Indeed, the great Rumi's father, Bahuaddin Valad, was a renowned Islamic jurist known as the "sultan of scholars," and a teacher at a school specially built for him in Konya, in what is now Anatolia, Turkey. Rumi, himself, succeeded his father as the head teacher at this school upon his father's death.
The question of why Sufism is little known or publicized in the West, and why it seems to be frowned on, or at least viewed skeptically, within manistream Islam has always perplexed me.

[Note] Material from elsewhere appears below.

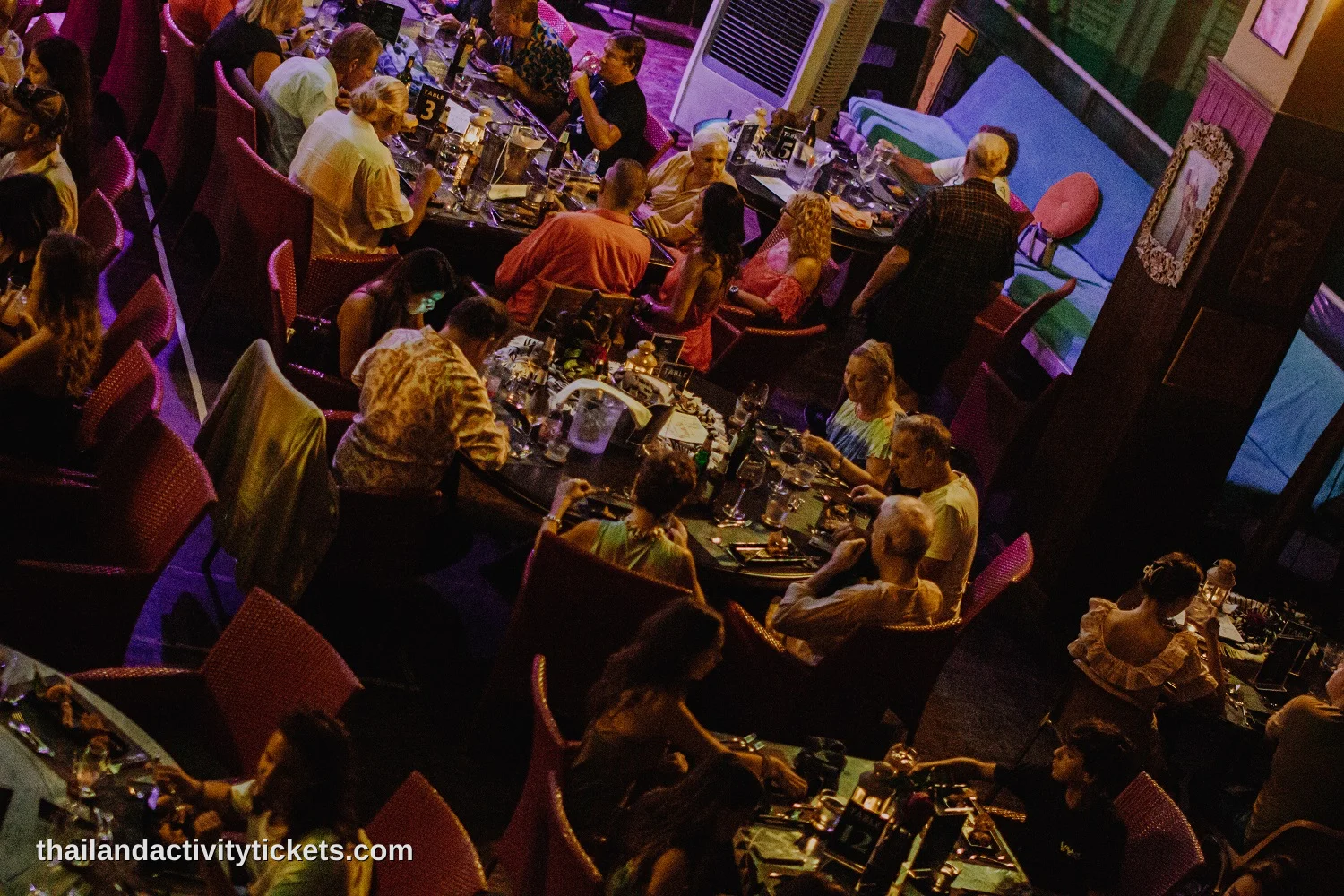 Guests enjoying Junkyard Theatre Phuket show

Anyone, who reads Rumi, it seemed to me, could not help but be transfixed by the high spiritual plane from which the master poet writes (Rumi is known as Mevlana, or "master," in Arabic). And, yet, Rumi's teachings along with Sufism are discounted and largely absent (at least in the West) in most discussions of Islam.
"So what we have had for the last few decades ," Safi observes, "is a situation of Orientalists and Salafi Muslims seeking to construct a "real Islam" that is untainted by Sufi dimensions, and many new agers seek(ing) to extract a mysticism that stands above and disconnected from wider, broader and deeper aspects of Islam."
These are not the only paradigms, however. Just as many Christians, Jews and others are looking at the more esoteric teachings of their respective religions to provide greater meaning to their largely material lives, so too many Muslims are looking to Sufic teachings to embue their lives and religious practice with greater meaning. (A largely unmentioned fact in the hotly contested "mosque at Ground Zero debate" is that it is a planned Sufi Center headed by Sufi scholar Imam Faisal Abdul Rauf that is in question, not a more 'conservative' mosque that has raised the hackles of prejudice in NYC.)
An example of how many modern Muslims are looking to the ancient teachings of Sufism is demonstrated in a wonderful talk on TED.com by Imam Rauf. In it, Rauf combines the teachings of the Qur’an, the stories of Rumi, and the examples of Muhammad and Jesus, to demonstrate that only one obstacle stands between each of us and absolute compassion -- ourselves," or the human ego.
"Judge a moth by the greatness of its candle," Rumi urges.